Why Does Japan Have Less Economic Inequality?

A short video on Facebook explained why Japan has less economic inequality than the U.S. and many other countries. It notes three main points that were particularly decisive in the 1960s.

1. High and highly progressive incomes taxes that persisted later than comparable high taxes in the U.S. in the post-war period.

2. High estate taxes that persisted later than comparable high taxes in the U.S. in the post-war period.

3. Massive land reform in 1946 coupled with inflation that undermined creditors.

Under Japan's 1946 land reform, landlords who owned more than the permitted amount had to sell the excess land to the government at a fixed price. The government then sold it at the same price, giving first preference to any tenant who had been farming the land. 
Japan’s land reform succeeded for two reasons. 
The first reason is that the Occupation had the power to impose and enforce a law that hurt the interests of a very powerful class of people, wealthy landlords, in order to bring about social and economic change. 
The second reason is more complex. At the time the land reform law was passed in October, 1946, it provided reasonable compensation to the landlords who had to sell their land to the government.

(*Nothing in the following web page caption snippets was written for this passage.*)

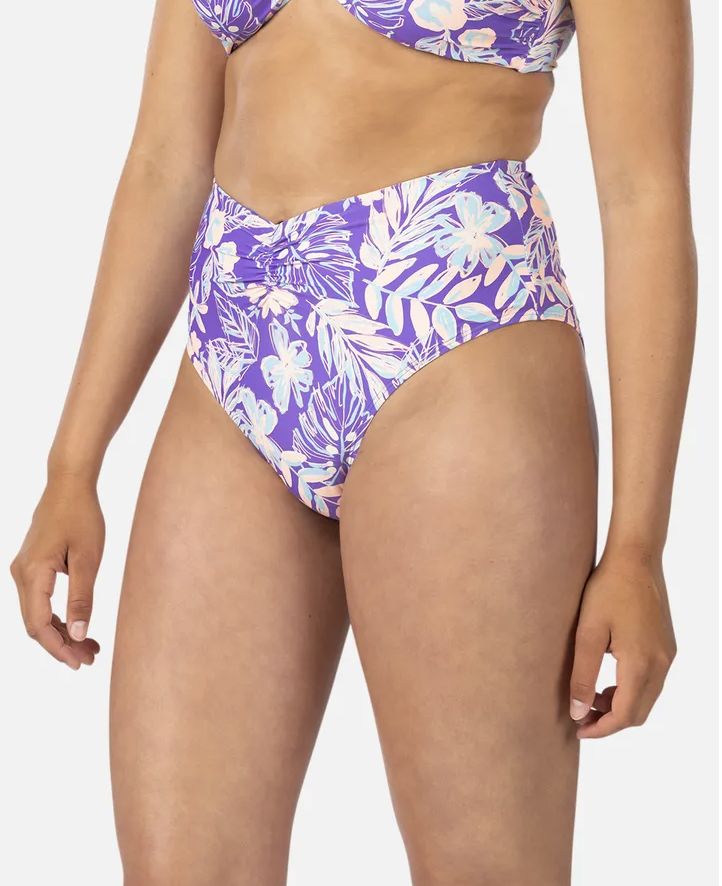 PALM PARTY HIGH LEG GOOD COVERAGE BIKINI BOTTOM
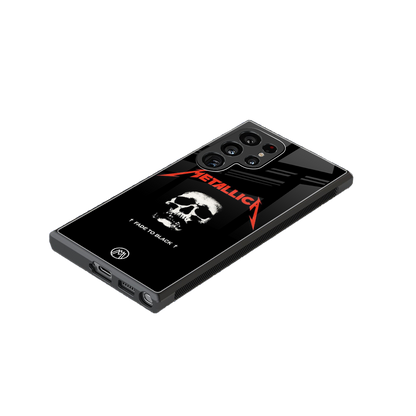 metallica black back phone cover | glass case for samsung galaxy s23 ultra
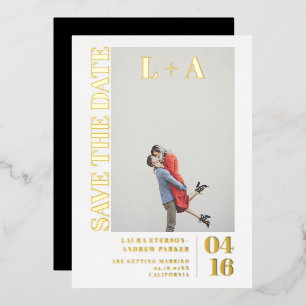 Modern bold minimalist initial photo save the date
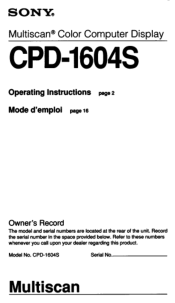 Sony CPD-1604S Operating Instructions  (primary manual)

But from 1946-48 Japan experienced rampant inflation, which reduced the value of the yen. As a result, while most of the buyers were able to pay off their loans within two or three years after they purchased the land, the money landlords received for their land was worth much less.

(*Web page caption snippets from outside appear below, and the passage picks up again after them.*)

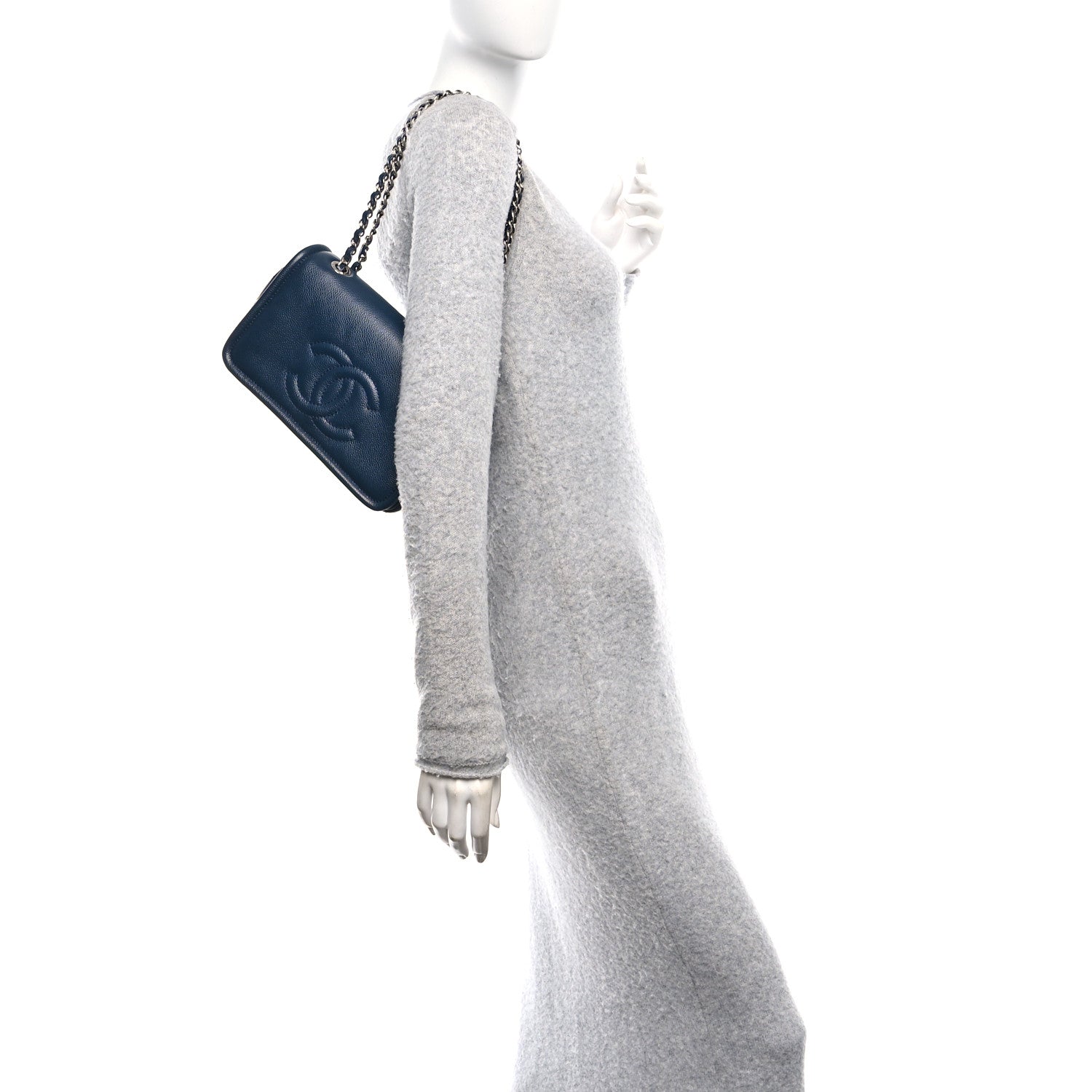 Chanel Caviar Medium Timeless CC Flap Navy Blue 2 of 10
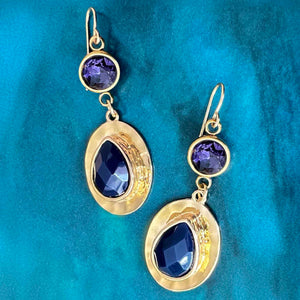 cobalt &  tanzanite double drops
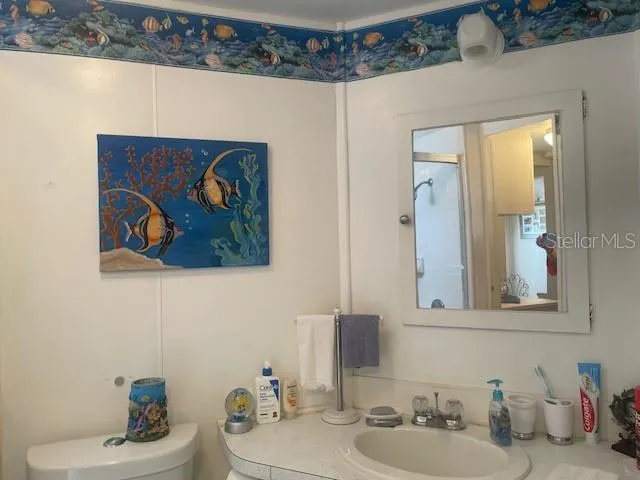 a bathroom with a sink mirror and vanity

These aren't the only factors, of course. 

* The wealthy took a huge hit from the destruction of World War II.

* Urbanization gradually divorced income from land ownership.

* Japan's manufacturing based economy lasted longer than in the U.S. where deindustrialization became by the mid-1970s. 

* A mostly ethnically homogeneous society increased empathy that crossed social class lines and reduced resistance to reforms like universal health care that deep racial and cultural divides in the U.S. undermined. So did the bonding that arose from shared experiences of World War II, defeat in that war, and U.S. occupation.

* Loose land use regulation prevented the best from being the enemy of the good in the process of making affordable living possible, so that very few people were in a state of privation as extreme as now found in the U.S.